I started off the post with the rule, but let's see it again just to drill it in:

"Cross the street"
If you are walking down a sidewalk and observe any activity or conditions up ahead that makes you feel unsafe or uncomfortable, either a) cross to the other side of the street or b) double back. 

There are a few critical elements of this definition that are worth elaborating on. Specifically, there is a distinction between what I am trying to say in this rule, and what I am absolutely not trying to say in this rule.

"Activity or conditions"
There is a big difference between "Activity or conditions" and "People". A lot of Chicagoan, especially UChicago students, might misinterpret this advice as "If you see any people (such as young non-white males)". There are a lot of problems with this misinterpretation. For one, we no longer live in a world of 1940s Disney cartoons; warriors and intellectuals especially should be better than such racist generalizations.
More importantly, however, looking for "People" is not a good measure of safety. People themselves are often quite neutral. It is the activity that they are doing, or the conditions in which they are in, that makes them dangerous or criminal. Let us consider "activity" and "conditions" separately, for now, just so we can get a better sense of this rule and its application.

"Activity"
Activity describes the actions and behavior of a group of people. It does not describe the people themselves. Problematic activities and behavior include.
  • Suspicious pointing in your direction, along with covert whispers
  • Wearing clothing that is too warm or thick for the weather (e.g. a hoodie or jacket on a sunny July day)
  • Constantly looking over one's shoulder as they approach you
  • Rough-housing and play punching
 This is just a brief list of all the actions that would arise extreme suspicion and provoke you to find a safer route. Basically, you are looking for activity that tends to indicate danger.
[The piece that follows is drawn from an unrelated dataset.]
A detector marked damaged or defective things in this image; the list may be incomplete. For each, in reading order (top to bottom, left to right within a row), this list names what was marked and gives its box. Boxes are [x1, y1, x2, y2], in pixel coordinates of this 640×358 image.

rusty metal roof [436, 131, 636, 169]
To an extent, you could consider this a form of stereotyping or, at the least, generalization. In my experience, people wearing hoodies on a 90 degree day have something to hide, and that something is probably bad for your health if they are approaching you in a clique of 3. Use judgment, common sense, and experience.

"Conditions"
Sometimes, it's not the activity that people are doing, but the actual physical environment that is cause for alarm. The proverbial "dark alley" is definitely an example of this. It's as true today in Chicago as it was in 1985 New York City; not much good happens in dark alleys, especially after nightfall. There are, however, more subtle indications that the physical environment potentially harbors danger. Here are some examples in my own experience:
  • Blind corners in poorly lit areas
  • Desolate streets with minimal traffic, either foot or auto
  • DARK ALLEYS (Can't emphasize that one enough; the 2 minutes you save on your "shortcut" is not often worth it)
  • Warm, humid weather. 
  • Parks after nightfall. Bushes, trees, high foliage ,etc. This is a perfect ambush zone.
 There are of course exceptions and qualification to all of these. For example, warm weather is also a great time to go out at night for a walk with your significant other! But maybe stay away from dark parks. And dark alleys. It is shocking how many people get attacked near dark alleys, despite the fact that this is supposedly common knowledge.
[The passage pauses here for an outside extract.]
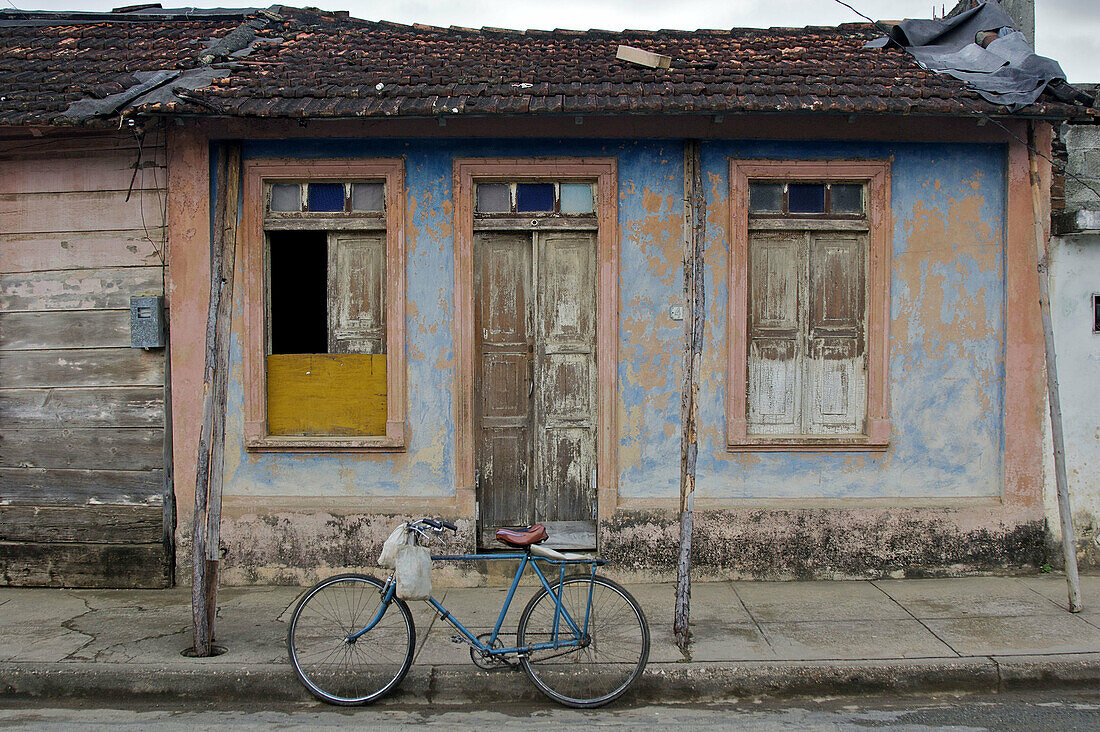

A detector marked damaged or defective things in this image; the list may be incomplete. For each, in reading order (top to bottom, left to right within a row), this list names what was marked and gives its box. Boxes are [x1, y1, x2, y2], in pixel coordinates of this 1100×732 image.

peeling blue paint wall [214, 135, 1007, 501]
rusted metal sheet [748, 228, 866, 433]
Some Conclusions: Don't live your life in fear!
"But Sheridan, if I follow all this advice, I am just going to live my life in a constant state of paranoia! How do you even go outside!?"
You don't want to live your life in a constant state of hyper-aware stress. We don't live in a warzone (for the most part, and I only speak for myself). Part of the warrior way is learning to adopt these techniques to a daily routine without raising your blood pressure too much, or creeping out your friends. Casually observe these concepts. Be cool. Have Zanshin, a state of awareness and calm that the Samurai purported to possess (more on that another time).

It's Friday. Stay safe. Have fun. STAY SAFE. Remember the tips!